The next day she learned that he had bought a string of hunters and a pack of fifty couples. A corresponding number of grooms and helpers appeared in the stables, as well as a pack huntsman, a kennel huntsman, and whippers-in. Hunting is the most expensive luxury, counting out dissipations, in which an Englishman can indulge, and Julia wondered at his sudden extravagance. True, he had never stinted himself in anything, and he was one of the best-dressed men in England, but, then, he had always schemed to make some one else pay, and since his social restoration his tailor had “carried” him. Relieved as she was at his avoidance of her, and to be excused from making conversation at the table, curiosity overcame her in the course of a week, and one night at dinner, when the servants had left the room, she asked him if he had joined the Hertfordshire.

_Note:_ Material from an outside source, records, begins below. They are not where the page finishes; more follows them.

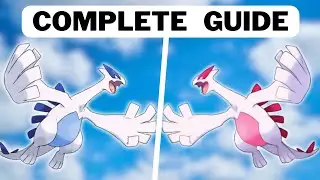 *Complete* LUGIA Raid Counters Guide in Pok&eacute;mon Go (2024) 😍 | BEST LUGIA RAID COUNTERS #pokemongo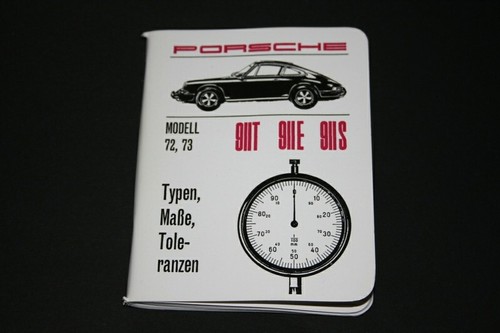 Original porsche 911 e - 911,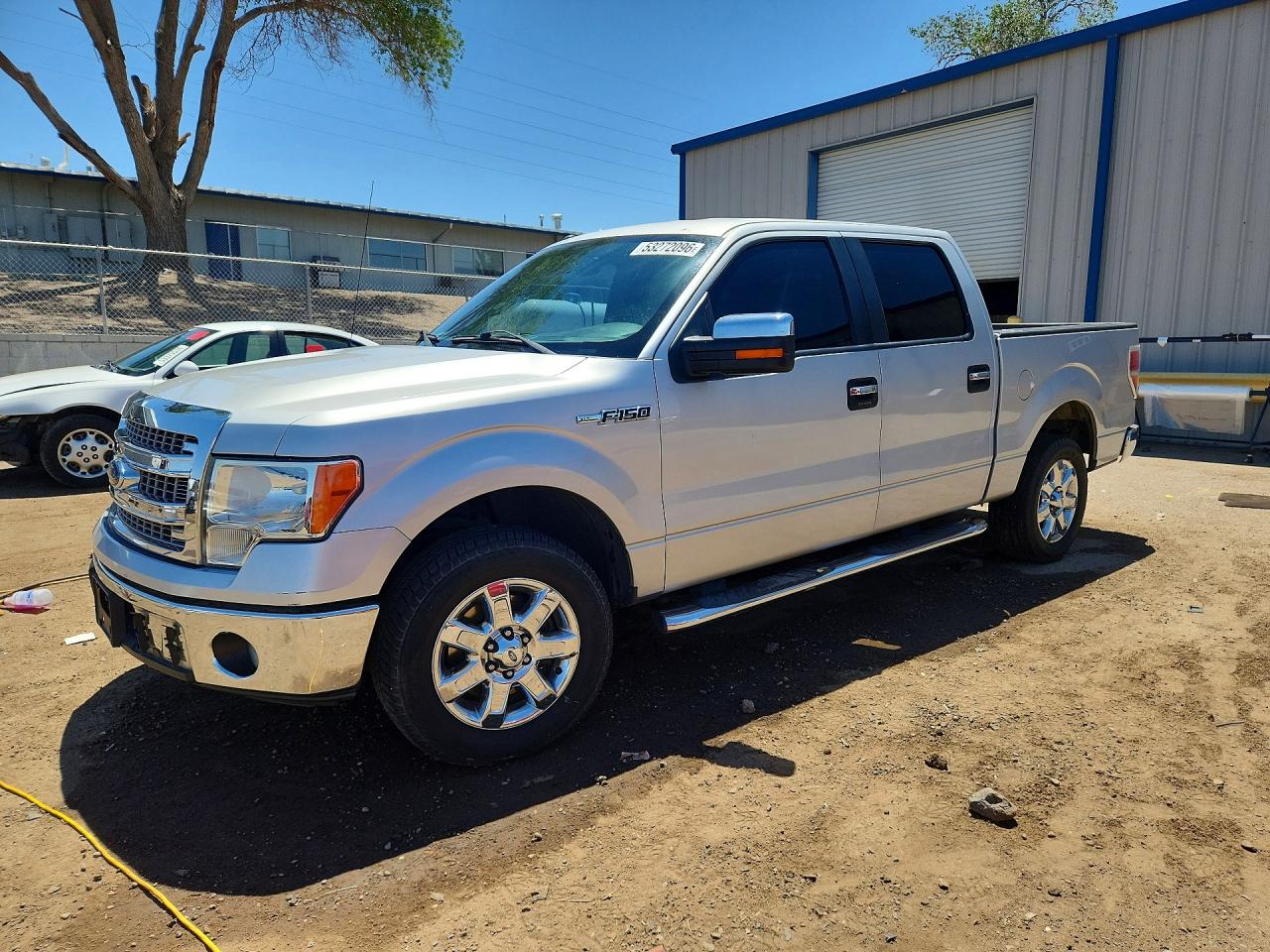 2014 FORD F150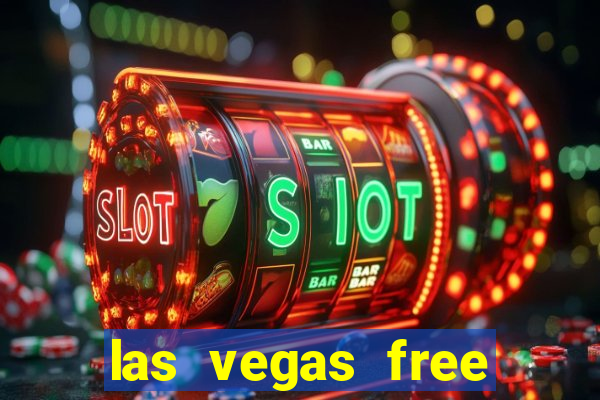 las vegas free slot games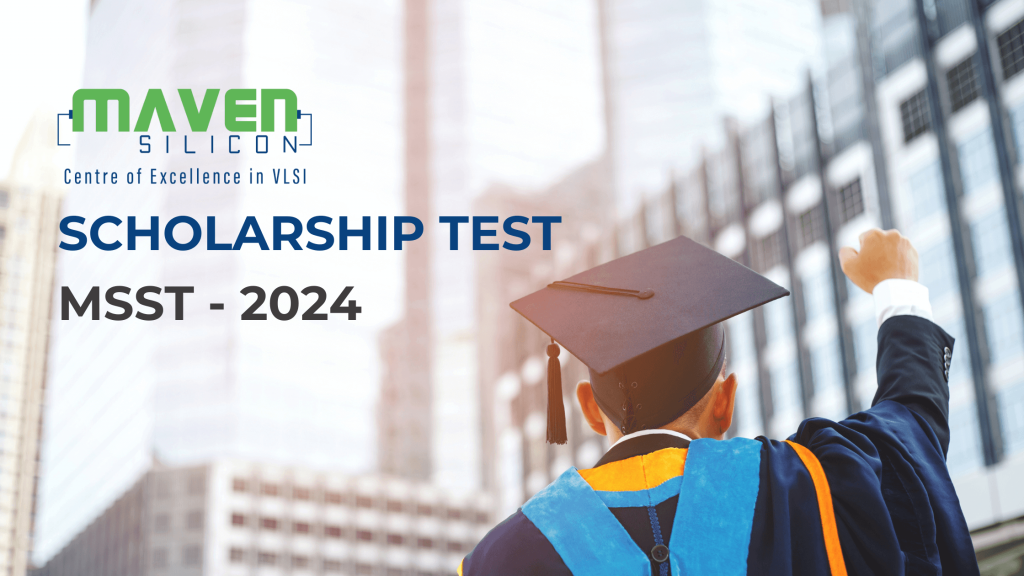 Maven Silicon Scholarship Test 2024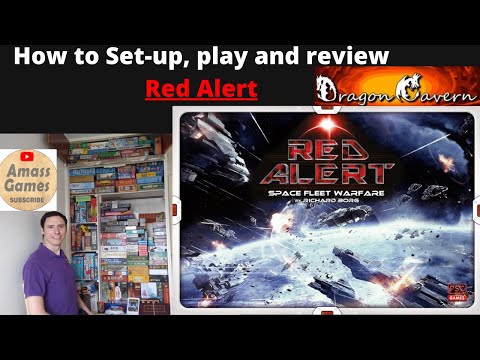 How to setup play and review Red Alert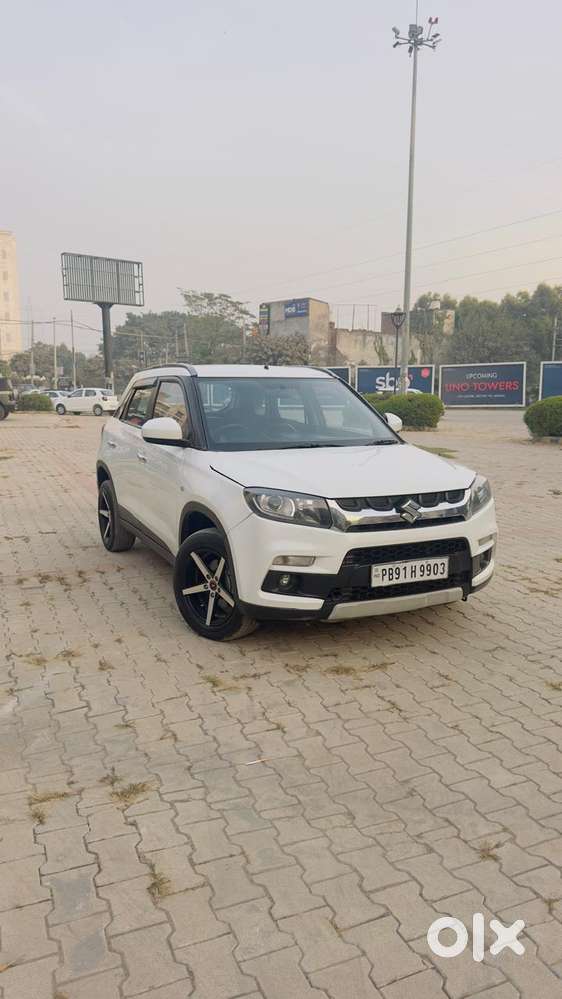 Maruti Suzuki Brezza Zdi, 2020, Diesel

“I have,” he said graciously.
“I thought hunting was so terribly expensive.”
“What of that?” he asked, with his new grand air. “Whatever is due my position I am not likely to forget.”
He uttered this copy-book sentiment, so different from his usual loose slang, as if he had rehearsed it, and Julia began to perceive that he had cut out a new rôle for himself, and was wearing it with his usual methodical consistency.
“But can you afford it? You know this is a matter which does not admit of debt —”
“I am not in the habit of being catechised, but I am willing to gratify you. I satisfied myself at Bosquith that neither my cousin nor his child has many months to live.”
“But I heard that the child was healthy, and that the duke was uncommonly well.”
“They are both in the last stages of tuberculosis, Bright’s disease, or diabetes, I have not made up my mind which. And I also satisfied myself that Margaret will have no more children.”
“Oh! I see. Then you expect to succeed shortly.”